Une vie entière et heureuse à La Tuque

Quant on parle avec Pierre Vézina, on saisi très rapidement que l’homme a eu une vie bien remplie. Dernier-né d’une famille de neuf enfants, son père Paul est arrivé à La Tuque en 1929 afin de travailler pour la jeune ville. Femme et enfants viendront le rejoindre un an plus tard, le temps pour lui d’acheter la terre, de déboiser et de construire la maison familiale sur la rue Roy.

Né en 1932, il s’est mis au travail très jeune. «Aussitôt que j’ai été capable de distinguer une mauvaise herbe d’une pousse de légume, je me suis mis à genoux, ça n’a pas été long» nous dit-il en riant. À l’époque, la rue Roy n’existe pas. La voie ferrée sépare la terre paternelle d’un champ loué à M. Keenan, à l’endroit même où sera bâtie plus tard, l’usine d’aluminium. «On menait les vaches en pacage le matin et on les ramenait le soir. On traversait le boulevard Ducharme qui était en sable et on passait la voie ferrée avec le troupeau», se souvient-il. Tout cela prendra fin en 1942 lorsque le gouvernement obligera la pasteurisation du lait et qu’on érigera l’usine d’aluminium. La famille continuera à produire des légumes.

À l’âge de 12 ans, il travaille avec ses frères pour son père qui construit des maisons. Il apprendra le métier de menuisier et de maçon. Puis à 15 ans, il s’engage à l’hôpital pour la construction de l’orphelinat. Il y apprendra le métier de plâtrier. Il recevait alors un salaire de 0,80$ de l’heure.

Durant l’hiver, il s’engage comme bûcheron. «On prenait un petit train qu’on appelait la Punaise avec notre sciotte et notre hache, pour se rendre au chantier» explique t’il.

Puis à l’âge de 20 ans, il s’achète un camion, un malaxeur à ciment, quelques outils et devient contracteur. En 1954, lorsque Brown Corporation vend à C.I.P., de gros travaux débutent à l’usine. Il y travaillera à titre de menuisier et coulera les formes des agrandissements pour accueillir les nouvelles machines à papier.

En 1956, on lui propose un emploi de policier. Il accepte et passera 12 ans au service de la ville. À l’époque, on dénombre 11 tavernes à La Tuque. La population de la ville augmentait de près de 2000 personnes lors de la descente des chantiers. L’abus d’alcool causait bien des problèmes. Le taux de suicide, à une certaine époque était très élevé. «Ramasser un suicidé, c’est quelque chose que tu n’oublies jamais. J’en ai ramassé une dizaine. Ça marque» déclare t’il. Il commence alors à penser sérieusement à quitter son emploi. «Je me suis dit que si je restais là, j’étais pour mourir».

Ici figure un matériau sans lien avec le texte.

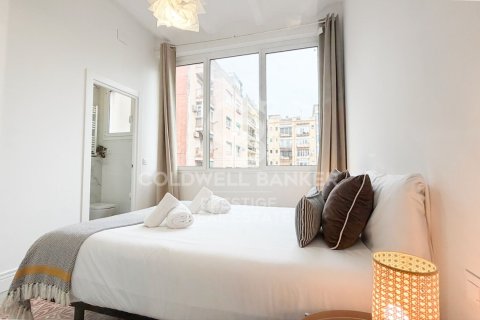 Apartamento de 3 dormitorios en venta en Barcelona, Cataluña, Spain № 5351 - foto 16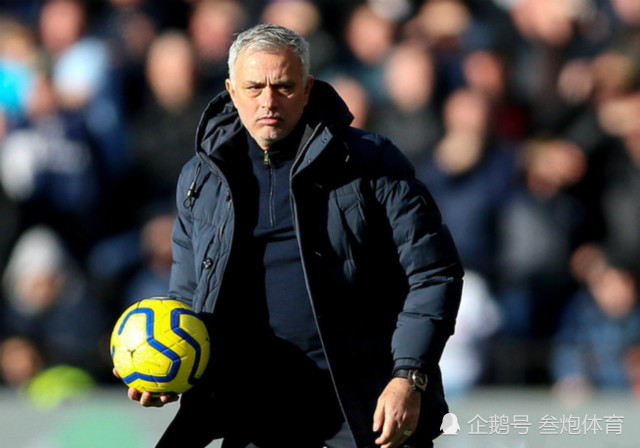  穆里尼奥赛后炮轰裁判不公  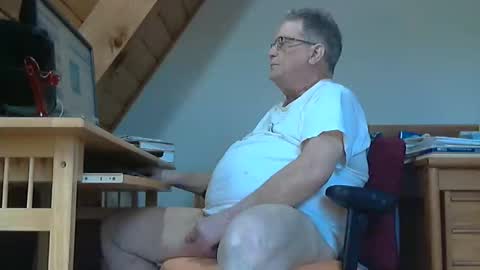 Snapshot of brubar chatting on April 26, 5:43 pm brubar online show from April 26, 5:43 pm
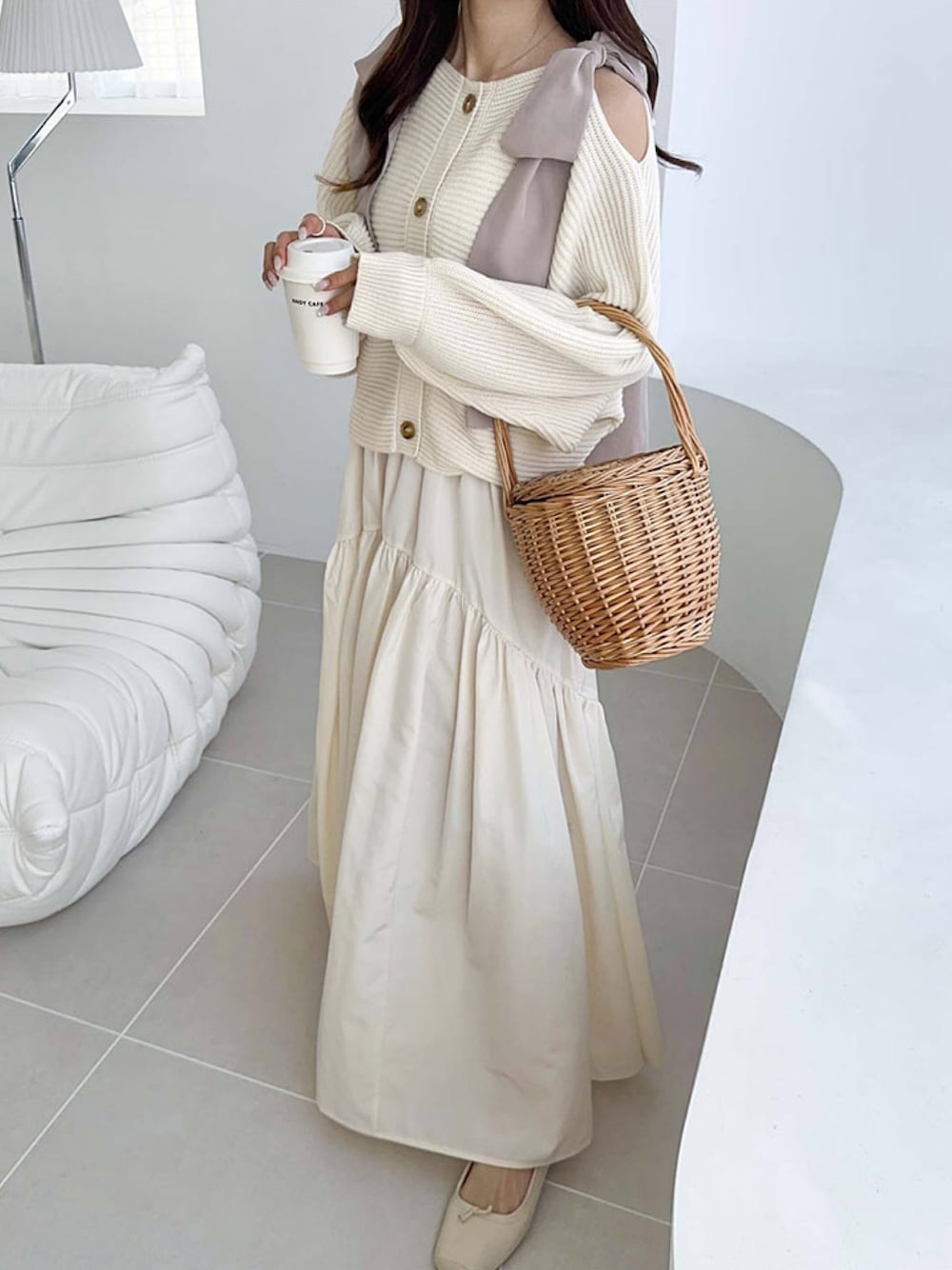 「mily biletの【mily bilet】あざとかわいい♪肩シフォンリボンマルチウェイニットカーディガン(ショート丈)（カーディガン/ボレロ、ホワイト系）」を使った、classicalelfクラシカルエルフさん（レディース・160cm）の冬コーディネートの1枚目の写真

Un poste s’ouvre à la commission scolaire comme régisseur et il postule. Il sera engagé et y travaillera de 1969 jusqu’à sa retraite. Au fil des ans, il verra de nombreuses écoles fermer, mais il travaillera aussi à en agrandir d’autres. Il terminera sa carrière en supervisant la construction de l’école de Parent.

Parallèlement à son travail, il construit sa dernière maison sur le bord de la rivière Bostonnais et fait son bois de chauffage. «Des gens m’ont demandé de leur vendre du bois de chauffage. Je faisais 150 cordes par année» souligne t’il. Ce qui ne l’empêche pas de faire en même temps, de superbes jardins où il cultive légumes et fleurs.

À 79 ans, pour la première fois cette année, il ne fera pas de bois de chauffage. Blessé gravement au dos, il doit se résoudre. «Mais je continuerai mes jardins» précise t’il.